La contemplación de la inteligencia actuando contiene una dimensión estética de profundidad abrumadora. Es, para mi, una obra de arte. ¿La Obra de Arte?

En demasiadas ocasiones ante un problema formulamos mal la pregunta. Curioso: en esto coinciden (en otras cosas también) Bohm y Krishnamurti. Estas son sus palabras: “En las investigaciones científicas, un paso decisivo consiste en hacer la pregunta adecuada. Cada pregunta contiene supuestos ampliamente implícitos. Si estos supuestos son erróneos o están confusos, la pregunta misma estará equivocada, en el sentido de que buscarle un respuesta no tendrá significado alguno. Hay, pues, que investigar acerca de lo apropiado de la pregunta”.

La primera comprensión de una idea está muy lejos de ser la idea misma, he escrito aquí en alguna ocasión. Ahora insisto: en el proceso de comprender el planteamiento es capital, y a formulación adecuada de la pregunta, sobre todo la identificación de sus supuestos implícitos, es sencillamente decisiva. Ojo a esta noción de supuestos implícitos. Merece toda la atención.

Ayer formulaba seis preguntas para tratar de comprender algo que me parece realidad financieramente lacerante. Y que es decisiva en nuestras vidas de ayer, hoy y mañana. Pero mi primera pregunta fue: ¿os parecen adecuadas las preguntas?. A esto me refería: a los supuestos implícitos. Por eso abrí el debate.

Sigo. Ahora conecto a Bohm con Tugendhat en el lenguaje proposicional, algo sobre lo que merece la pena insistir, insistir, insistir. Por tres veces una insistencia se convierte en un sólido argumental, aunque por mil veces una mentira no acaba de convertirse en verdad. Dice Bohm: “La estructura sujeto-verbo-objeto del lenguaje, junto con su correspondiente manera de ver el mundo, tiene a imponerse poderosamente en nuestro propio discurso, incluso en aquellos casos en los que, si nos fijáramos un poco, veríamos que es evidentemente inapropiada”.

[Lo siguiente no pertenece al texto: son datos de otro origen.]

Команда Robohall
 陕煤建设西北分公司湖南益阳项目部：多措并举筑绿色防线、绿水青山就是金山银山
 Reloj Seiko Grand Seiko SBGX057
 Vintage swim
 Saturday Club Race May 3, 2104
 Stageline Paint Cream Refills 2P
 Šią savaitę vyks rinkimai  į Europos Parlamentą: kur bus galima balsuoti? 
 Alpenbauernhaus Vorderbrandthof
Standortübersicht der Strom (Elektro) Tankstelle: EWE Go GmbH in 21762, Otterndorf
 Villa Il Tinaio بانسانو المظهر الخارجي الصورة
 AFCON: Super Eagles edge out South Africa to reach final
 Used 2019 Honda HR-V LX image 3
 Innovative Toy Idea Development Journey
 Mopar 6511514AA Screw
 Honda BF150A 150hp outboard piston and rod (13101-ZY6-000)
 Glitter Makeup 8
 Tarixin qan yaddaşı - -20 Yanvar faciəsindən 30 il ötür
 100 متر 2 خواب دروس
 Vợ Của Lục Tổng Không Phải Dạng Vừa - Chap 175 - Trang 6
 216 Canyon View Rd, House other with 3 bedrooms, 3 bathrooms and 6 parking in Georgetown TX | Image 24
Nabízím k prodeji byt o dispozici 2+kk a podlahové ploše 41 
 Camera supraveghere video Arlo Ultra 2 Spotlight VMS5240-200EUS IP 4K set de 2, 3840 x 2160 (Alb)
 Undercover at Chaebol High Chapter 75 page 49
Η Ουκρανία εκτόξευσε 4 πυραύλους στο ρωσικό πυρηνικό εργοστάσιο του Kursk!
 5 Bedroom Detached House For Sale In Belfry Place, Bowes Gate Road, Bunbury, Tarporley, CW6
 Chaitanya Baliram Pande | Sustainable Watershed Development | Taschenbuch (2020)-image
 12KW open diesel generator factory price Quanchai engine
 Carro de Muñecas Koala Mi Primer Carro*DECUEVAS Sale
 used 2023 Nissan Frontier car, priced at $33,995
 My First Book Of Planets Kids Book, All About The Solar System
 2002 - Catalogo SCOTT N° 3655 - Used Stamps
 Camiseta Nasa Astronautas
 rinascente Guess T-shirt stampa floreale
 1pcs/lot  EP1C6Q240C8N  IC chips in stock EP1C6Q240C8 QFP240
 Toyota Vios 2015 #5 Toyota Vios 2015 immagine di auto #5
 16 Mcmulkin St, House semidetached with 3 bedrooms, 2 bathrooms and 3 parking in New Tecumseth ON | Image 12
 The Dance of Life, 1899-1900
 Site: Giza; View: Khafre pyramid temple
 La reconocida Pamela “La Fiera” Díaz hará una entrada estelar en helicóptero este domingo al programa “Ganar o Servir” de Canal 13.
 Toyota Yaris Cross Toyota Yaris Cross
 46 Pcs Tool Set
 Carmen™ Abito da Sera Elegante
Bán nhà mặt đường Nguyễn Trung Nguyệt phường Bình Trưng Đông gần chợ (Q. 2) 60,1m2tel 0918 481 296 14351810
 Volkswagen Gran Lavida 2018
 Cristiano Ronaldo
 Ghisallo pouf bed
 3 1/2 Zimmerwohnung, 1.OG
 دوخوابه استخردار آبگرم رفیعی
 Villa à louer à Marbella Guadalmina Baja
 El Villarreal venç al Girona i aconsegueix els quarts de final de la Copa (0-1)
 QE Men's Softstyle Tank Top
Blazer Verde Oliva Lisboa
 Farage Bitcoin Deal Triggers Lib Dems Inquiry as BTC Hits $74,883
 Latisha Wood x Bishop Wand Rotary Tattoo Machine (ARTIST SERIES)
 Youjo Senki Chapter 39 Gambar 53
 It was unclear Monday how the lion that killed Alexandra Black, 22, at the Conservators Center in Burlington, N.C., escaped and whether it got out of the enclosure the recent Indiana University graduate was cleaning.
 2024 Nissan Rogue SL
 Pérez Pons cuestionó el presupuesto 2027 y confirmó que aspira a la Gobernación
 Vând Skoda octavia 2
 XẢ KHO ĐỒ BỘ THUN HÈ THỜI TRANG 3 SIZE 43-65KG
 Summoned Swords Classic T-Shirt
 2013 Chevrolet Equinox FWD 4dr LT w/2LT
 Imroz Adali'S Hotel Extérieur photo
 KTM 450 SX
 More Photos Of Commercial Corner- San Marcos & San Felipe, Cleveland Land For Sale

Así que, atención, la “estructura del lenguaje” (sujeto-verbo-objeto) se traduce en un “manera de ver el mundo”, esto es, la realidad, lo que llamamos “realidad”. Y esta manera de ver la realidad es “correspondiente” a ese lenguaje. ¿Quiere decir que el mundo es de tantas maneras como tantos lenguajes utilicemos? Pues parece que eso quiere decir Bohm.

Y yo que digo: que es evidente que es así. Precisamente por ello dediqué mi libro “La palabra y al Tao” a que se comprendiera el papel descuartizador del lenguaje y la necesidad de comprender la profundidad del aserto “la palabra no es la cosa”, algo que mi amiga inteligente, absorta en el lenguaje proposicional y consumidora compulsiva de impecables razonamientos de la mejor factura formal, me recrimina de modo impenitente.

Claro que algunos en lugar de ver el poder descuartizador del lenguaje se concentran en refocilar con el poder manipulador de la palabra, manipulador de la conciencia, por tanto de los modos de pensar, por tanto de los modos de comportamiento. Claro que el problema no es de quienes se dedican a ese deporte. El problema habita en quienes gustan de verlo en la pantalla de la vida, que ofrece constantes muestras de unas existencias, individuales y colectivas, ejecutadas implacablemente conforme a loa patrones confeccionados con los no-valores de la civilización occidental.